Reputation: 68
I'm working on developing sorting algorithms and was surprised to find c's qsort taking 1.6x as long Julia's default sorting algorithm. I imagine I'm making some sort of benchmarking mistake. Here are my benchmarking programs and their results:
Julia:
# time (julia bench.jl)
using Printf
function main()
len = 100_000_000
x = rand(Int64, len)
t = @elapsed sort!(x)
@printf "%d elements:\nclaim\t%fs" len t
end
main()
c
// time (gcc -O3 bench.c && ./a.out)
#include <stdlib.h>
#include <stdio.h>
#include <sys/time.h>
int comp (const void * elem1, const void * elem2)
{
int f = *((int*)elem1);
int s = *((int*)elem2);
if (f > s) return 1;
if (f < s) return -1;
return 0;
}
long long utime()
{
struct timeval now_time;
gettimeofday(&now_time, NULL);
return now_time.tv_sec * 1000000LL + now_time.tv_usec;
}
int main(int argc, char* argv[])
{
long length = 100000000;
long long *x;
x = (long long *) malloc(length * sizeof(long long));
if (x == NULL)
{
printf("Malloc failed\n");
return 1;
}
for (long cnt = 0 ; cnt < length ; cnt++)
x[cnt] = rand();
long long start = utime();
qsort (x, length, sizeof(*x), comp);
long long end = utime();
//for (long cnt = 0 ; cnt < length ; cnt += length/10)

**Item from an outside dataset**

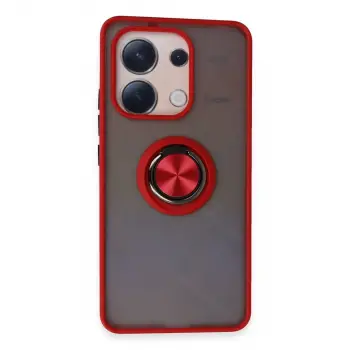 Xiaomi Redmi Note 13 4g Kılıf Montreal Yüzüklü Silikon Kapak - Kırmızı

// printf("%lld\n", x[cnt]);
free(x);
printf ("%ld elements:\nclaim\t%fs", length, (end-start)/1000000.0);
return 0;
}
Results
bash-3.2$ time (julia bench.jl)
100000000 elements:
claim 12.405531s
real 0m16.560s
user 0m13.883s
sys 0m1.297s
bash-3.2$ time (gcc -O3 bench.c && ./a.out)
100000000 elements:
claim 20.592641s
real 0m24.604s
user 0m21.352s
sys 0m2.479s
Is it true that Julia's algorithm (median of 3 quicksort with an insertion sort base case for less than 20 elements) is substantially faster than c's qsort? Can I sort faster than qsort in c?
Upvotes: 4
Views: 246
Reputation: 241791
It's easy to sort faster than C's qsort
. You could, for example, use C++'s std::sort
. The C++ library is not faster because it uses a better algorithm; rather, it's because C++'s generics allow the compiler to avoid the overhead of calling the comparison function and a smaller overhead in qsort's swap, which needs to handle elements of arbitrary size.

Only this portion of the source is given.